On the other-hand, a horse at a slaughter auction sells-for between $160 and $600. 

The USFS spends approximately 90% of its nearly $9-billion budget on wildfire suppression. Other federal and state agencies are also spending $-billions annually chasing the wildfire issue. The annual resulting property and casualty losses are in the tens of $-billions, added to the loss of forests, timber, wildlife and habitat. In California alone the wildfires of 2017 caused losses estimated at $180-billion according to Courthouse news: https://www.courthousenews.com/costs-to-fight-2017-california-wildfires-shatters-records/

As we see, even a tiny reduction in the frequency, size and intensity of annual wildfires results in savings of hundreds of $-millions annually in direct costs for suppression as well as related to property and casualty losses, not to mention loss of wildlife and habitat.
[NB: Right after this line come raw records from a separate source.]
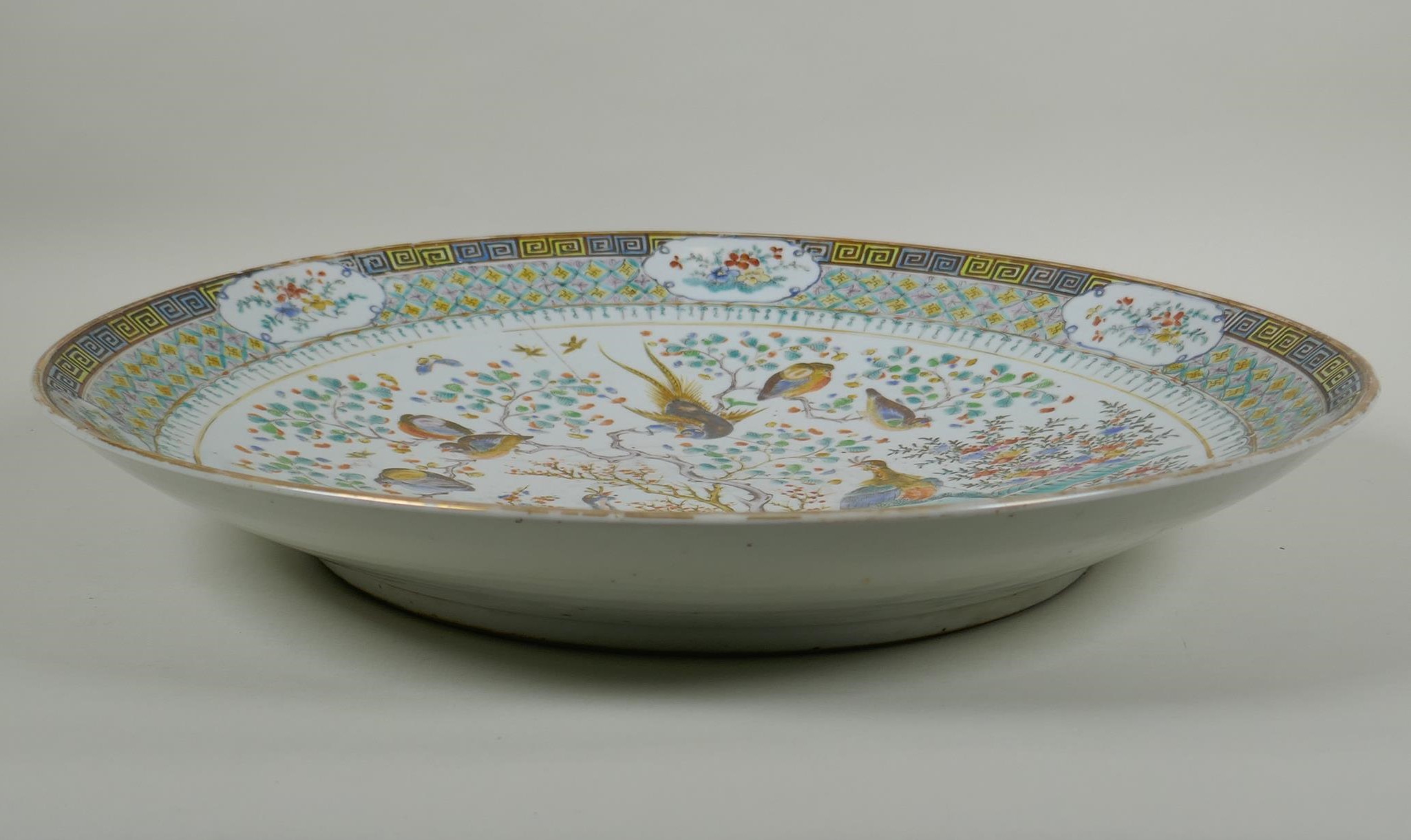 An C18th/C19th Chinese famille verte porcelain charger decorated with peacocks and asiatic birds - Image 3 of 8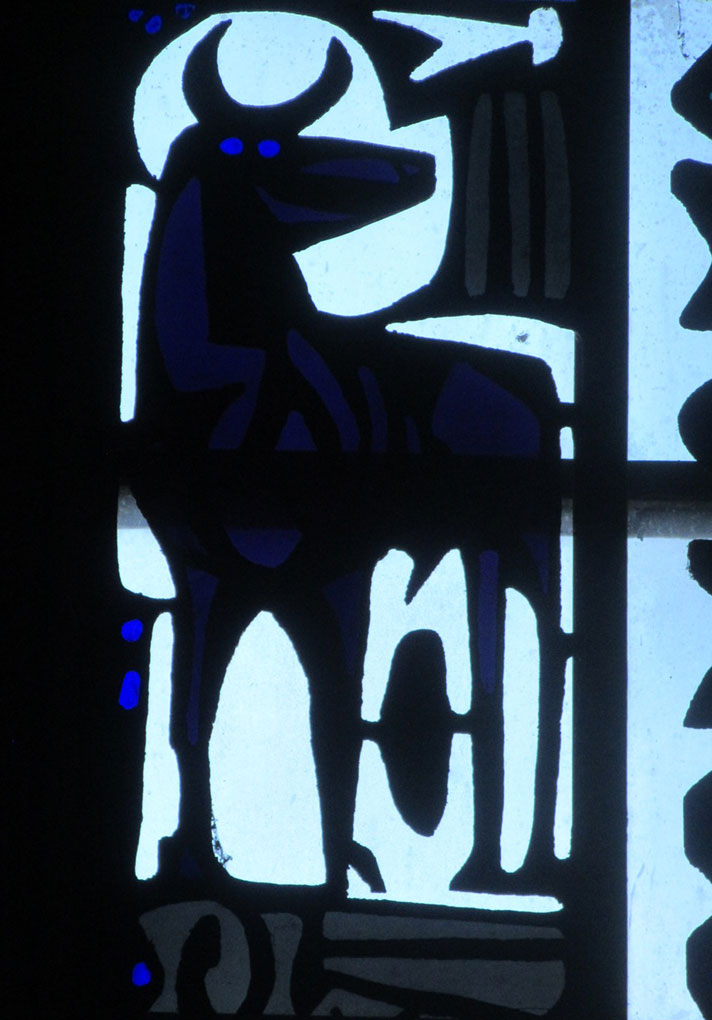 Stained-glass panel featuring a stylized blue-and-white animal figure with abstract shapes and patterns set against a softly glowing background.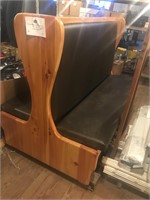 One large maple brown vinyl dual bench booth seat
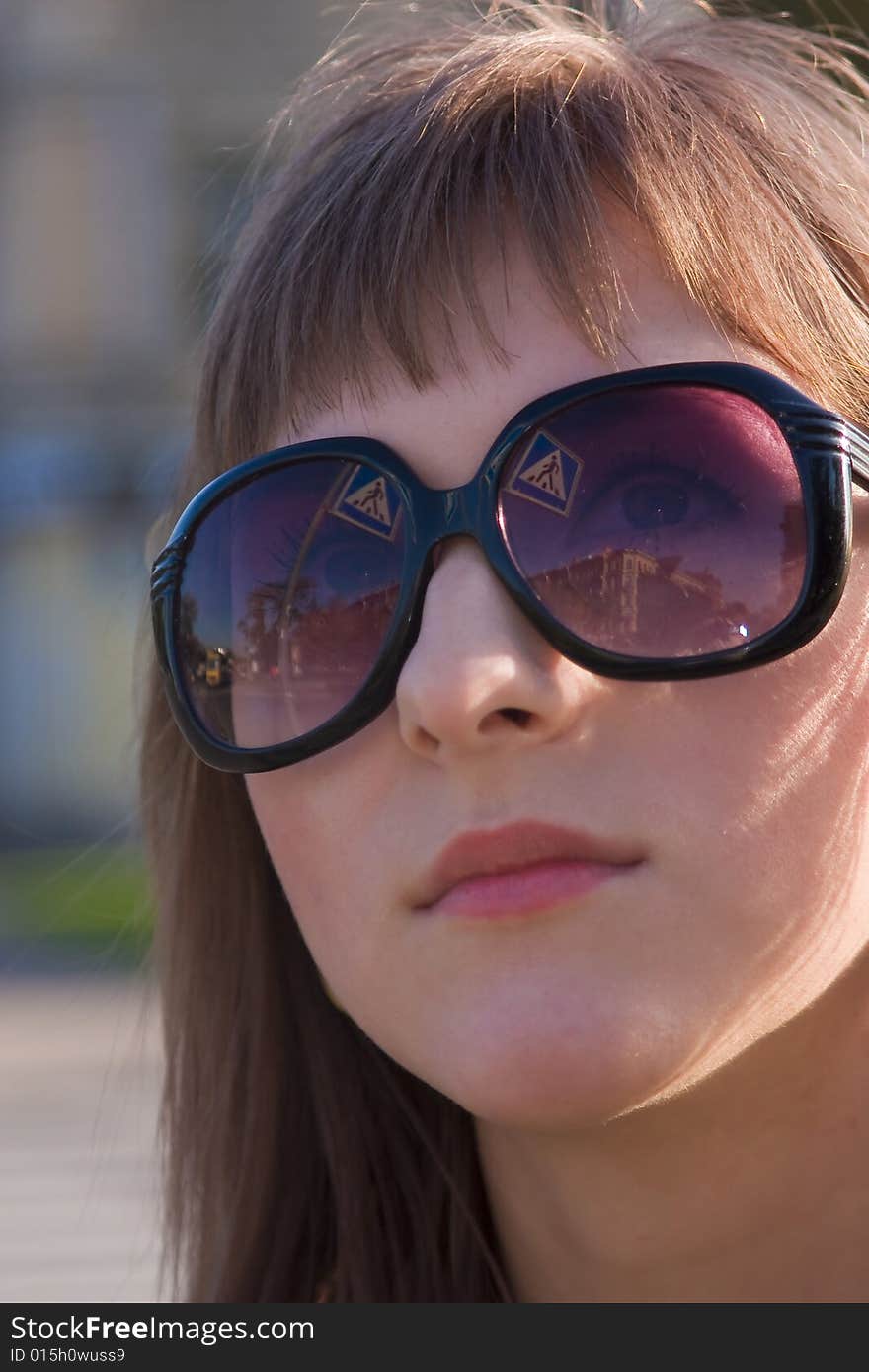 Portrait of a young woman in black glasses looking on a traffic sign. Portrait of a young woman in black glasses looking on a traffic sign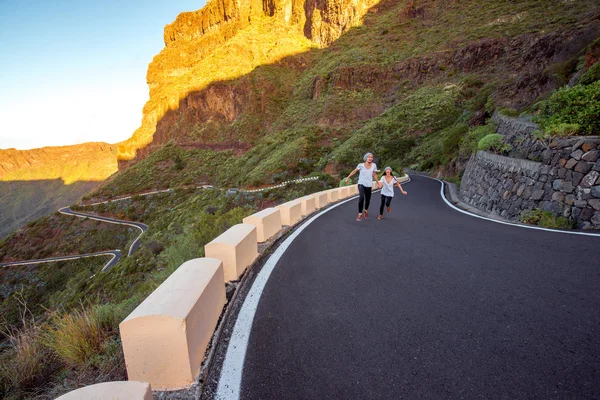 Carefree couple running on the mountain roadside — Stock Photo, Image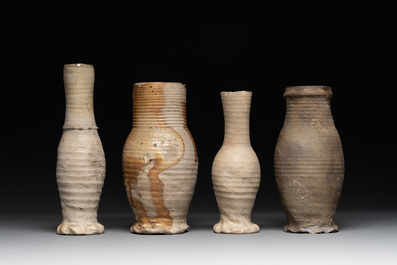 A collection of 8 German proto stoneware ribbed jugs, including 'Jacobakans', 14th C.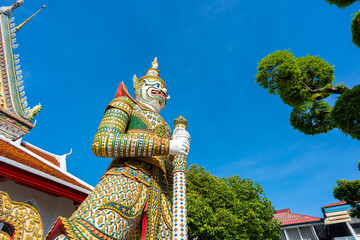 Gates to Ordination Hall with statues of Giants, demon guardians at Wat Arun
Wild Horse Fire Brigade offers a humane, cost-effective, nature-based solution that provides meaningful benefits to all stakeholders, while cost-effectively accomplishing the intent of the 1971 ACT. 

Wild Horse Fire Brigade Announces Historic Environmental Initiative on Earth Day – Plan to ReWild 1,000 Wild Horses

Wild Horse Fire Brigade (‘WHFB’) has received formal letters of endorsement from the Nevada Lands Council and Elko County Nevada Commissioners who voted unanimously to support Wild Horse Fire Brigade’s large-scale Rewilding project for up to 1,000 wild horses.